I really should be asleep. If not for that 3 PM nap with a seven year old curled up against my back I probably would be. I earned the fatigue by spending a good amount of time working on my novel and a bit more time sifting through a backlog of grading. It feels like I am always behind on grading, which is probably because I am. I have 140+ students and give them a ton of work. Heck, I’m upset with myself for not providing enough work. I’m more upset with myself for not figuring out a streamlined way to grade it.
I’m smarter than that.
I am also going into the midway point of a long youth tackle season with three teams worth of games to attend. It isn’t easy. I actively lobbied to get my youngest moved up to the mid-kid’s team in order to allow me to see more games (and have more time to breathe). No such luck. He is where he ought to be, and even though he isn’t happy with his situation all of the time, he is learning and growing from the experience.

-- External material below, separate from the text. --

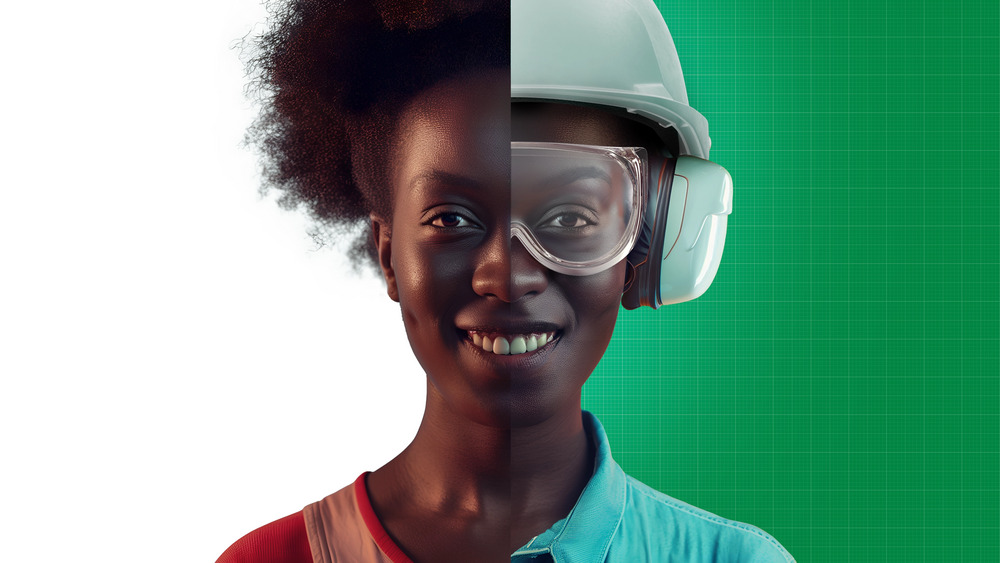 Rosto de uma mulher dividido por duas fotos diferentes. À esquerda, ela usa roupas casuais. À direita, ela usa uniforme da Petrobras.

By situation I mean losing season. They have not won a single game and it shows. It hurts. It is a pride-scarring thing for a kid who has only lost maybe 5 games in 3 years of playing year round sports. Losing is foreign but also necessary. I am just not a fan of doing it quite so much. The eldest is in the same boat. His team isn’t winning, but I’ve already told that tale in this pages. He is still ridiculously happy and loving life and sport and all things goofy. I hope he stays this carefree and engaged for a very long time. I hope they all do.

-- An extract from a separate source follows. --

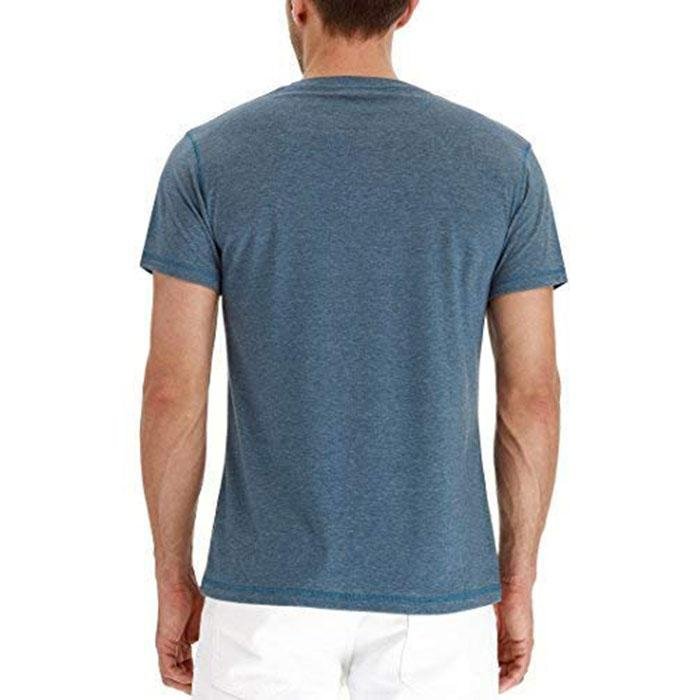 Men's Casual Slim Fit Short Sleeve T-Shirts Cotton Plain Tshirt Mens Henley 3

What I want is many more years of Taco Tuesday and kids who want to be around and hang out and watch shows and talk and play. I want to have a relationship with my kids now and later when they become men. I want to remain a part of their lives and I want them to remain a part of mine. Big asks, but I’m willing to put in the work to see it through.
Some Thoughts:
- Had a solid family night with all six of the kiddos. I needed it. I need more of it in order to really get a sense of things moving forward.